Would you reproduce, without any alteration, the lines from the opening line of the entries through the line that has "photo of a neon" in it?

-=-=-=-=-

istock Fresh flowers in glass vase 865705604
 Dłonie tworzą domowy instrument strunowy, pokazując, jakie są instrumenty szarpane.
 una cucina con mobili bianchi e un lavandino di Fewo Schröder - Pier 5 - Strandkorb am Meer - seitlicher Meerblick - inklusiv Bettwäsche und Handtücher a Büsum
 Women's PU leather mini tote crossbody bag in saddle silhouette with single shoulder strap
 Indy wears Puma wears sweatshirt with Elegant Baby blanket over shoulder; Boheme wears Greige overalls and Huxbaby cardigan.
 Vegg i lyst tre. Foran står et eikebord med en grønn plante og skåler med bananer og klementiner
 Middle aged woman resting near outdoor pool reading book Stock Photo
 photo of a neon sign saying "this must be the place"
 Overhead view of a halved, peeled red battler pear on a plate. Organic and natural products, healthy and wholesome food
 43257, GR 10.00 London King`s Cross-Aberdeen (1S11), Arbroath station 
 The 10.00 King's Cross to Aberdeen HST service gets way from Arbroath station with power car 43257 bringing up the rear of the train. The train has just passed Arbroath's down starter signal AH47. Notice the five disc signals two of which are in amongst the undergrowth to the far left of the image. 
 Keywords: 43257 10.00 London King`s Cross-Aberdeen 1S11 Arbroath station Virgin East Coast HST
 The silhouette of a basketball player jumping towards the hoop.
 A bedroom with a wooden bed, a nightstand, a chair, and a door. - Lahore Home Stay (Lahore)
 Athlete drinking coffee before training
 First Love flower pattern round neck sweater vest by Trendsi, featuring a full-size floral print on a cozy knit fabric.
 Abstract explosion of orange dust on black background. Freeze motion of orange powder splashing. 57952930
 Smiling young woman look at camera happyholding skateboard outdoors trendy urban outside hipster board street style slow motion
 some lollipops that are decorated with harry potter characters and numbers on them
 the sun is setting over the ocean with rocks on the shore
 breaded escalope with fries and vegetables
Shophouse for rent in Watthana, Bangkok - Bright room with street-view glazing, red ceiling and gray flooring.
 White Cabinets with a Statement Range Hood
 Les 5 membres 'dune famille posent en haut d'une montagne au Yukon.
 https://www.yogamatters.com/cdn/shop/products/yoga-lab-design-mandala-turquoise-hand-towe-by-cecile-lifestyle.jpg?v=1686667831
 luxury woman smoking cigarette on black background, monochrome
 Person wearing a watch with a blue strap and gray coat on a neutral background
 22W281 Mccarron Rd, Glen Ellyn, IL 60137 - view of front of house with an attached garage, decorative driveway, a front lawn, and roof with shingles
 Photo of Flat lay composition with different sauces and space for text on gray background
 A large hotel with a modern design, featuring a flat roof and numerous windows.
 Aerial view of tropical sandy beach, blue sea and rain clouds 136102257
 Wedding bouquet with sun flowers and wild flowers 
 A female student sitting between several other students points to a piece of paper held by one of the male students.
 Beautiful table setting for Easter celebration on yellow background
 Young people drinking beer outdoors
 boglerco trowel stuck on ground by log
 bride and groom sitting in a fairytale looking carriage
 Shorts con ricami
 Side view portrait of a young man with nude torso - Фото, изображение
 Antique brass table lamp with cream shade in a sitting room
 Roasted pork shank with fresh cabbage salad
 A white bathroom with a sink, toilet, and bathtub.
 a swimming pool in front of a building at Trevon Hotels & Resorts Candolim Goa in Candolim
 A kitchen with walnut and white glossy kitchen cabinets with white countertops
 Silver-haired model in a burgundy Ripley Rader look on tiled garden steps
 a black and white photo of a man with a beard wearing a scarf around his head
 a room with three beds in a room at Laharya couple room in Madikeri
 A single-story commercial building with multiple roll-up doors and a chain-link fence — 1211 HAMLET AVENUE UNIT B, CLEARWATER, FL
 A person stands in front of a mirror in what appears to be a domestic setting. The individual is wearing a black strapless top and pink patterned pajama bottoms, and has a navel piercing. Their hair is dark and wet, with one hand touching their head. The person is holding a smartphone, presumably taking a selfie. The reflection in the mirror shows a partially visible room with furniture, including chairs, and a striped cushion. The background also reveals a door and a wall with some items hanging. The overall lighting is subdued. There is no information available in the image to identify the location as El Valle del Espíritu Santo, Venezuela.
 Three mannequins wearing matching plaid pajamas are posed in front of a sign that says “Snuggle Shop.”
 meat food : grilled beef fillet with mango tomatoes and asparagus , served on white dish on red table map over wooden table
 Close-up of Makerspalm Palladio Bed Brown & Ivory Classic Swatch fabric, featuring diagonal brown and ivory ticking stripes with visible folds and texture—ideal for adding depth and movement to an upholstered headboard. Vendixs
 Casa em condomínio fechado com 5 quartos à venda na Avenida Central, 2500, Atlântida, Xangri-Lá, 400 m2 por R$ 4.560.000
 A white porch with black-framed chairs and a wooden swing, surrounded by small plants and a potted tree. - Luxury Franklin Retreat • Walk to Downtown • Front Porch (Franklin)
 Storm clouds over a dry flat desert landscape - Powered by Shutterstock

-=-=-=-=-

Solved problem:
istock Fresh flowers in glass vase 865705604
 Dłonie tworzą domowy instrument strunowy, pokazując, jakie są instrumenty szarpane.
 una cucina con mobili bianchi e un lavandino di Fewo Schröder - Pier 5 - Strandkorb am Meer - seitlicher Meerblick - inklusiv Bettwäsche und Handtücher a Büsum
 Women's PU leather mini tote crossbody bag in saddle silhouette with single shoulder strap
 Indy wears Puma wears sweatshirt with Elegant Baby blanket over shoulder; Boheme wears Greige overalls and Huxbaby cardigan.
 Vegg i lyst tre. Foran står et eikebord med en grønn plante og skåler med bananer og klementiner
 Middle aged woman resting near outdoor pool reading book Stock Photo
 photo of a neon sign saying "this must be the place"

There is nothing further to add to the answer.